I would like to extract information from the body of the text and be able to request it.
The structure of this body of text will be determined by the grammar (or variant) of the BNF, and the information to be extracted will be indicated at runtime (the query syntax does not matter at the moment).
So the requirements are simple, in fact:
- Get some structured text text
- Download it in form vulnerabilities using grammar to parse it
- Run the query to select some parts of it.

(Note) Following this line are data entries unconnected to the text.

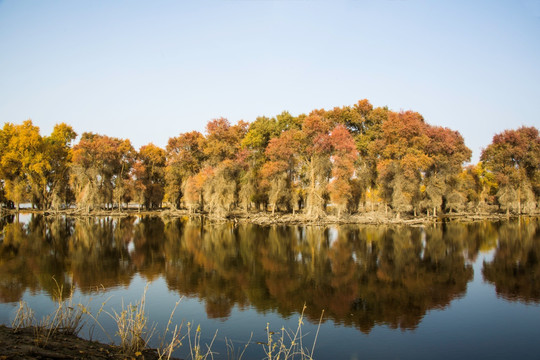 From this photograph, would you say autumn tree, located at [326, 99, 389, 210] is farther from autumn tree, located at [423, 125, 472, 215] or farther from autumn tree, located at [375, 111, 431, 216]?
autumn tree, located at [423, 125, 472, 215]

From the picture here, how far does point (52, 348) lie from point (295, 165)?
1711 inches

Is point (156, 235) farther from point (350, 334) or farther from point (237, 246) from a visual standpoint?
point (350, 334)

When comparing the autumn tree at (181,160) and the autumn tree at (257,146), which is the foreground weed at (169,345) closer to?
the autumn tree at (257,146)

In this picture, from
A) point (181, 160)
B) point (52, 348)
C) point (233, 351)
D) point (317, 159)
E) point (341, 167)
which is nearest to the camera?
point (52, 348)

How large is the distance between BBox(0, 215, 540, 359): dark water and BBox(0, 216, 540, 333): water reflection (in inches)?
2.7

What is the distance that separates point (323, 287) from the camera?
15367mm

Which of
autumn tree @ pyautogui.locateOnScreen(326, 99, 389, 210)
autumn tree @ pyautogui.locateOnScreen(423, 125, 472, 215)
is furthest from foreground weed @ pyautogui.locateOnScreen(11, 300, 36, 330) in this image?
autumn tree @ pyautogui.locateOnScreen(423, 125, 472, 215)

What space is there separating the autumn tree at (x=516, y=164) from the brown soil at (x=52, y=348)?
57580 millimetres

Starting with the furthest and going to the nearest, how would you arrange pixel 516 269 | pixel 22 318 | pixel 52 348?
pixel 516 269 < pixel 22 318 < pixel 52 348

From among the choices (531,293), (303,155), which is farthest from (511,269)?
(303,155)

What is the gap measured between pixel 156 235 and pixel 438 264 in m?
22.8

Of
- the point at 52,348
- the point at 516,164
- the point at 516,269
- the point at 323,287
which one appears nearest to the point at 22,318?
the point at 52,348

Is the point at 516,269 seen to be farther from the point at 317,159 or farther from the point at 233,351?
the point at 317,159

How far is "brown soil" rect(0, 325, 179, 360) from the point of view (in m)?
7.02
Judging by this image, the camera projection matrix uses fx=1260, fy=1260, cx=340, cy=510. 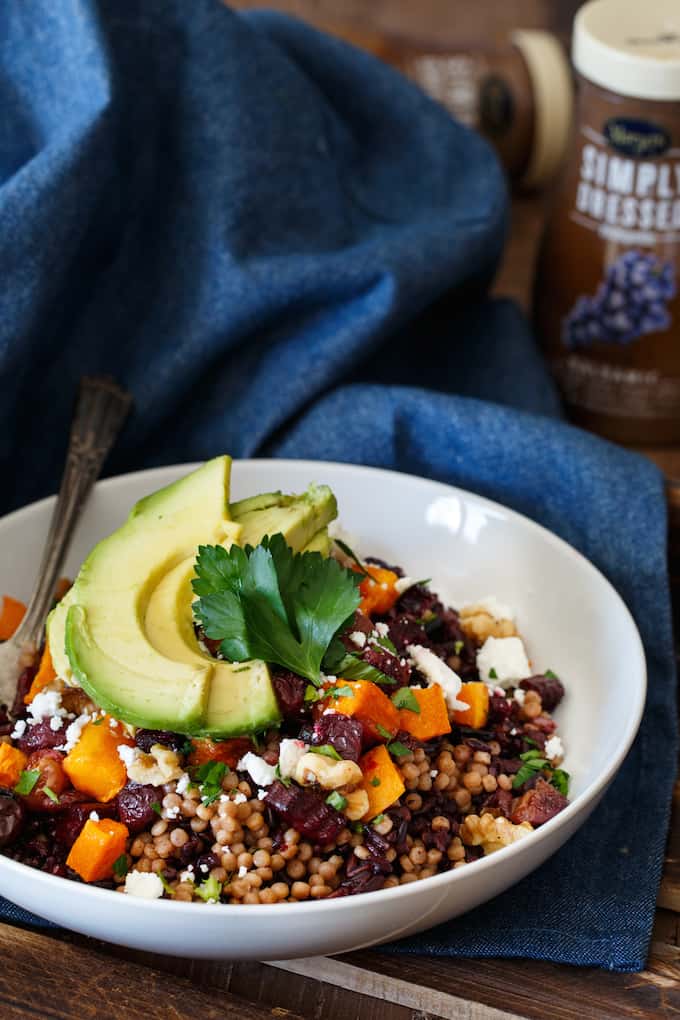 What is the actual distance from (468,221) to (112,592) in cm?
132

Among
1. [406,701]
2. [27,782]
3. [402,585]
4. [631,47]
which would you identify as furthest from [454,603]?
[631,47]

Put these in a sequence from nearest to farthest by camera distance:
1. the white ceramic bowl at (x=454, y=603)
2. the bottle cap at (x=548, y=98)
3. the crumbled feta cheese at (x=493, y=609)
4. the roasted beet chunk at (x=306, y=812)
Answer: the white ceramic bowl at (x=454, y=603) < the roasted beet chunk at (x=306, y=812) < the crumbled feta cheese at (x=493, y=609) < the bottle cap at (x=548, y=98)

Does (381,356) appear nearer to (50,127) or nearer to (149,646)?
(50,127)

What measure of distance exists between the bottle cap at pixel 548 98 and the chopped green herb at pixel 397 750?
1969 millimetres

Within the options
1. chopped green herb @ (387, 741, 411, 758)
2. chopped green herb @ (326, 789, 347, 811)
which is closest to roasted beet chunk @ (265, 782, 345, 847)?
chopped green herb @ (326, 789, 347, 811)

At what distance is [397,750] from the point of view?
1591mm

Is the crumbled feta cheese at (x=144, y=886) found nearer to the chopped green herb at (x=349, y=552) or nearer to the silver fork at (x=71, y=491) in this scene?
the silver fork at (x=71, y=491)

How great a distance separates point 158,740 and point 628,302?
137 centimetres

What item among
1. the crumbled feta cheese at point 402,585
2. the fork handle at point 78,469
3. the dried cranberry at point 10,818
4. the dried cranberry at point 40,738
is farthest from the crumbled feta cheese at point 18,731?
the crumbled feta cheese at point 402,585

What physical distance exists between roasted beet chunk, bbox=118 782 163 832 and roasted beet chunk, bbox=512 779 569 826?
1.53 ft

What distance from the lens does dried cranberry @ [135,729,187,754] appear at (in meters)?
1.58

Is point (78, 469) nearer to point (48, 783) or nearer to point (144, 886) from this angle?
point (48, 783)

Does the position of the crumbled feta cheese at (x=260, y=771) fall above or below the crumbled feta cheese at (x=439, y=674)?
above

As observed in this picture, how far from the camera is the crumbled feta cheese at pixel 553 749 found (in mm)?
1774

To illustrate the example, suppose we have such a grammar (in a custom BNF format):
<digit> ::= 0 | 1 | 2 | 3 | 4 | 5 | 6 | 7 | 8 | 9 <id> ::= 15 * digit <hex> ::= 10 * (<digit> | a | b | c | d | e | f) <anything> ::= <digit> | .... (all characters) <match> ::= <id> (" " <hex>)* <nomatch> ::= "." <anything>* <line> ::= (<match> | <nomatch> | "") [<CR>] <LF> <text> ::= <line>+
Why such a text will correspond to:
012345678901234 012345678901234 abcdef0123 Nor the previous line nor this one would match
And then I would like to list all the tags that appear in the rule, for example, using XPath syntax:
match
which will return the list.
This sounds relatively easy, except that I have two big limitations:
- BNF grammar should be read at runtime (from a string / vector, like a structure)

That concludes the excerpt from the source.